As part of its submarine force renewal program, the RSN is acquiring four Type 218SG submarines from Germany to improve the operational and combat capabilities of its submarine fleet. These new submarines will be having far more capabilities and durability — and are built to stay submerged about 50% longer — than those of the existing ones.

It’s worth mentioning here that submarines, unlike surface warships that have both peactime and wartime functions, is built to shoot and destroy targets as well as to conduct surveillance, even surveilling foreign coasts to gather vital intelligence. The very fact that a small city-state like Singapore has submarines in operation and is now renewing its fleet with even more capable submarines — shows how ambitious Singaporean navy has become about increasing its naval power.
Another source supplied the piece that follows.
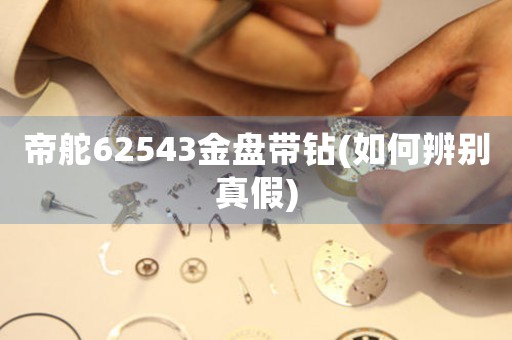 帝舵62543金盤帶鉆(如何辨別真假)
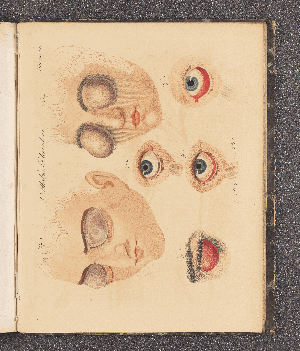 Vorschaubild Seite  -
Because of the larger capacity, these submarines have plenty of scopes for future upgrades, meaning that these submarines could be equipped with weapon systems such as long-range missiles to carry-out an offensive strike.

There’s more to the Singapore’s naval ambitions. Take for example the Joint Multi-Mission Ships (JMMSs), one of the RSN’s major new procurements. With full-length flight deck, these vessels would be almost 540 feet long with an estimated displacement of around 14,500 tons, and are expected to carry five medium and two heavy helicopters on a flight deck. What’s more, these vessels could potentially support limited operations of fixed-wing aircraft, including the F-35B warplanes which Singapore airforce is expected to purchase from the U.S. sometime in near future. Therefore, these vessels could potentially serve as aircraft carriers.
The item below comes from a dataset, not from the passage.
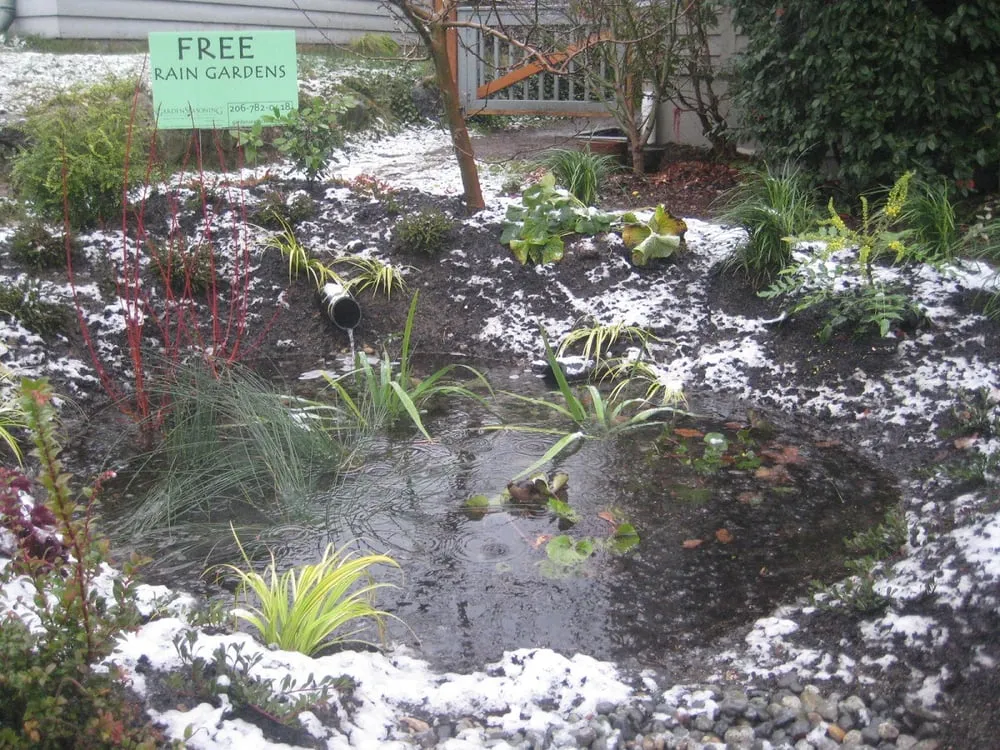 Top-rated yard cleanup service experts serving Seattle, WA - Monsoon Rain Gardens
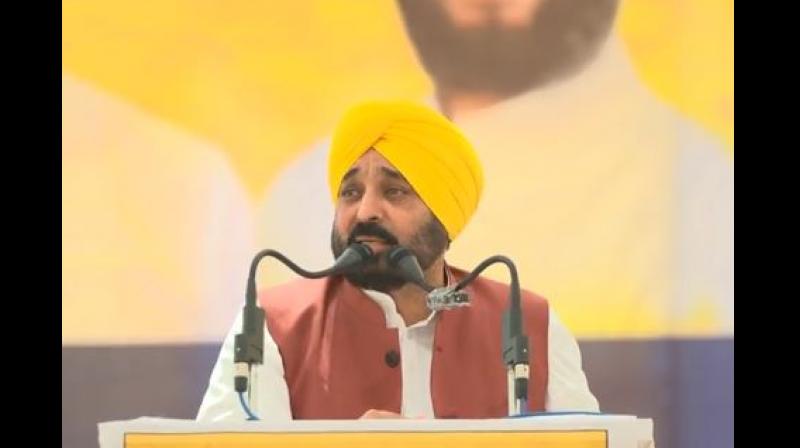 CM Bhagwant Mann CM Bhagwant Mann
The RSN is also very well aware of the fact that wars these days are fought from a distant with the help of unmanned drones and unmanned vessels that carry cameras and weapons in order to see farther and respond quicker. Hence, the RSN plans to procure new vessels that will be having multiple unmanned air and surface vehicles to extend their reach and flexibility against threats. Take the eight new Littoral Mission Vessels (LMVs) for example. These LMVs will have a helicopter landing pad that will be able to carry an unmanned aerial vehicle. The aforesaid JMMSs and the new Multi-Role Combat Vessels (MRCVs) too will have unmanned air and surface vehicles.

Being Wealthy Helps

An Asian financial hub, the city-state of Singapore has a lot of wealth. The tiny landmass of the state and the already developed infrastructures allow the Singaporean government to allocate comparatively lesser wealth on infrastructures and other conventional sectors and to invest more on innovation and technology as well as defense and security. This is how the tiny state affords to make the quality defense procurements.
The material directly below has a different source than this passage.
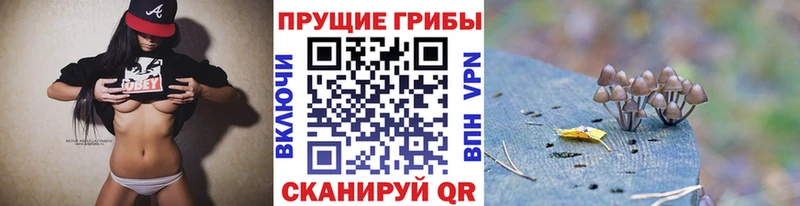 Галлюциногенные грибы ЛСД  Купить где  Зеленокумск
Singapore has been the Southeast-Asia’s largest military spender for several years now. Singapore was the top regional military spender in 2018 with an expenditure of US$10.8 billion and the Southeast Asian neighbour with the closest figures was Indonesia with an expenditure of US$7.4 billion. For 2019, Singapore has allocated US$11.4 billion for defense on its budget — something which amounts to about 19 percent of total government expenditures and around 3.3 percent of national GDP.

Bahauddin Foizee is an international affairs analyst and columnist, and regularly writes on greater Asia-Pacific, Indian Oceanic region and greater Middle East geopolitics. He also - infrequently - writes on environment & climate change and the global refugee crisis. Besides Modern Diplomacy, his articles have appeared at The Diplomat, Global New Light of Myanmar, Asia Times, Eurasia Review, Middle East Monitor, International Policy Digest and a number of other international publications. His columns also appear in the Dhaka-based national newspapers, including Daily Observer, Daily Sun, Daily Star, The Independent, The New Nation, Financial Express, New age and bdnews24com. He previously taught law at Dhaka Centre for Law & Economics and worked at Bangladesh Institute of Legal Development.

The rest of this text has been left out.